2. The Certificate of Incorporation of the Corporation is amended by adding the following new Section D to the end of Article IV:

 

D. Upon the filing and effectiveness (the “Effective Time”) of this amendment to the Corporation’s Certificate of Incorporation, as amended, pursuant to the Delaware General Corporation Law, each forty (40) shares of the Common Stock issued immediately prior to the Effective Time (the “Old Common Stock”) shall be reclassified and combined into one validly issued, fully paid and non-assessable share of the Corporation’s Common Stock, $0.00001 par value per share (the “New Common Stock”), without any action by the holder thereof (the “Reverse Stock Split”). No fractional shares of New Common Stock shall be issued as a result of the Reverse Stock Split and, in lieu thereof, upon surrender after the Effective Time of a book entry position which formerly represented shares of Old Common Stock that were issued and outstanding immediately prior to the Effective Time, any person who would otherwise be entitled to a fractional share of New Common Stock as a result of the Reverse Stock Split, following the Effective Time, shall be entitled to receive a cash payment equal to the fraction of a share of New Common Stock to which such holder would otherwise be entitled multiplied by the closing price per share of the New Common Stock on The Nasdaq Stock Market LLC at the close of business on the date prior to the Effective Time.

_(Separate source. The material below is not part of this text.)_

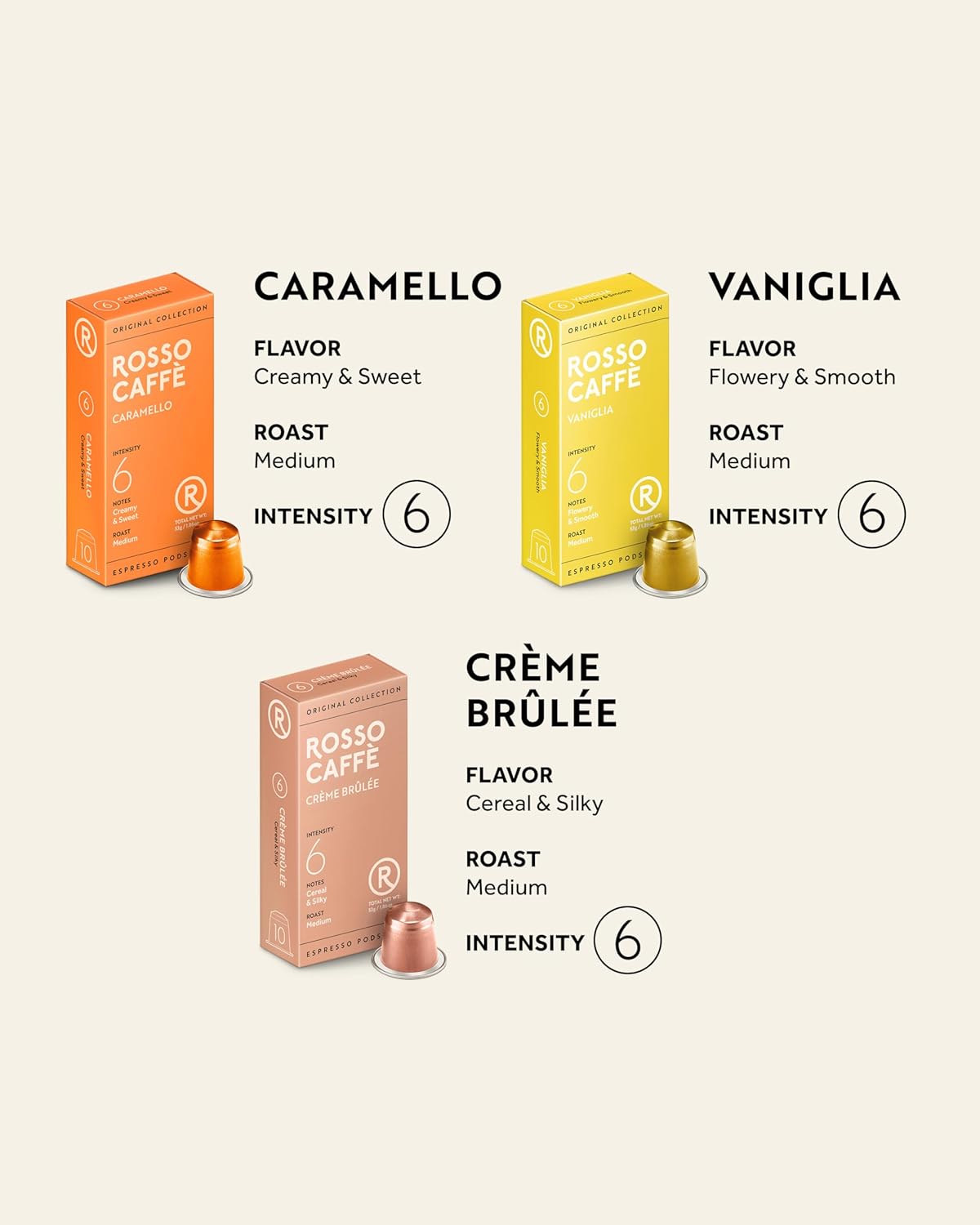 Rosso Coffee Capsules for Nespresso Original Machine, 60 Espresso Pods Vanilla, Caramel, Creme Brulee Rosso Coffee Capsules for Nespresso Original Machine, 60 Espresso Pods Vanilla, Caramel, Creme Brulee - Image 8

Each book entry position that theretofore represented shares of Old Common Stock shall thereafter represent that number of shares of New Common Stock into which the shares of Old Common Stock represented by such book entry position shall have been reclassified and combined; provided, that each person holding of record a book entry position that represented shares of Old Common Stock shall receive, a new book entry position evidencing and representing the number of shares of New Common Stock to which such person is entitled under the foregoing reclassification and combination.

 

3. This Certificate of Amendment has been duly adopted by the Board of Directors and stockholders of the Corporation in accordance with Section 242 of the General Corporation Law of the State of Delaware.

 

4. This Certificate of Amendment shall become effective as of 12:01 a.m. Eastern Time on Tuesday, September 24, 2024.

 

 

IN WITNESS WHEREOF, the Corporation has caused this Certificate of Amendment to be duly executed in its corporate name as of the 24th day of September, 2024.